MS: Given that you both represent a range of businesses, are there particular parts or sections of your member base you think are doing it tougher than others, or better than others?

AM: Honestly, it’s across the board. If you look at our membership base, sectors like tourism and hospitality, which were absolutely hammered during the pandemic, are still struggling to recover and to get labour. A big source of their labour force comes through international students and working holiday-makers. They’re only just starting to come back into the country now, so they’re really struggling there. Building and construction is obviously a sector that a lot of people here would know more about, so I’ll let you talk on that. I think with regards to demand for skilled positions, whether it’s mechanics, IT or health services, people are crying out. So, really, we haven’t seen anything like this for decades.
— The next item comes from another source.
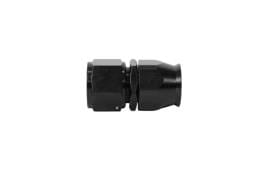 Aeromotive Hose End PTFE AN-12 Straight Black Anodized - 15359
KM: Yeah, I agree. It’s an interesting environment right now because we are all forced to look at this glass as being half empty, but there’s growth in this economy. If you come back to real estate, there was a lot of stimulus put into the housing sector to see us through the lockdowns. That did create a pipeline, which is still working its way through the system. Some big questions were asked in 2020 around commercial property: would anybody ever go to the office again? Would investment stay in the CBDs? Those questions have been asked and yes, absolutely. Businesses are leasing space and investing in our CBDs. It is this funny period where all these risks that we are talking about are real, present and serious. The future is quite uncertain in a number of different areas, but there are also these strength areas of the economy. So, it’s a challenging period and in challenging periods it’s hard to make decisions. I think we’re seeing some of that.
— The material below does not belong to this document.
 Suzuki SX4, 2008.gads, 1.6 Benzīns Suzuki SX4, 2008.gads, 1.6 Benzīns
MS: Surely in challenging periods, there’s also opportunity, as well?

KM: And getting set for opportunity, which is also, I think, what many are doing.

MS: We have spoken a lot about skills, and there was obviously the Jobs and Skills Summit recently. I’m sure you’re going to tell me there’s no silver bullet, but is there anything interesting or innovative happening in the sectors that you

represent that we could potentially learn from?

KM: Well, I agree there’s no silver bullet and it was very encouraging to see a focus on migration and population at the Jobs and Skills Summit. I think the announcements that were made there are very positive, such as freeing up visa processing – more money and resources going into that – and lifting net overseas migration. But it would also be nice to see more focus on the ramp-up. I think the disappointing thing is that the Australian economy needs a fast ramp-up back to a more normalised population growth level. There’s been a lot of debate about what the right population growth is, and how that integrates with long-term skills training and development. That’s a good discussion and debate to have, and we certainly support the Government looking at that, but we have to get people back into this country as quickly as we can. If we take a 12-month ramp-up here, that’s a lot of lost opportunity. And if we’re talking about the supply bconstraints, the closest thing you could find to a silver bullet would be a fast ramp-up to a re-normalisation of our population flows. That would address a lot of the immediate skills shortages we’ve got, so we’d encourage the government to have lots of urgency about that issue.

MS: It’s an interesting experiment, isn’t it? Shut the borders and throw a lot of money at it.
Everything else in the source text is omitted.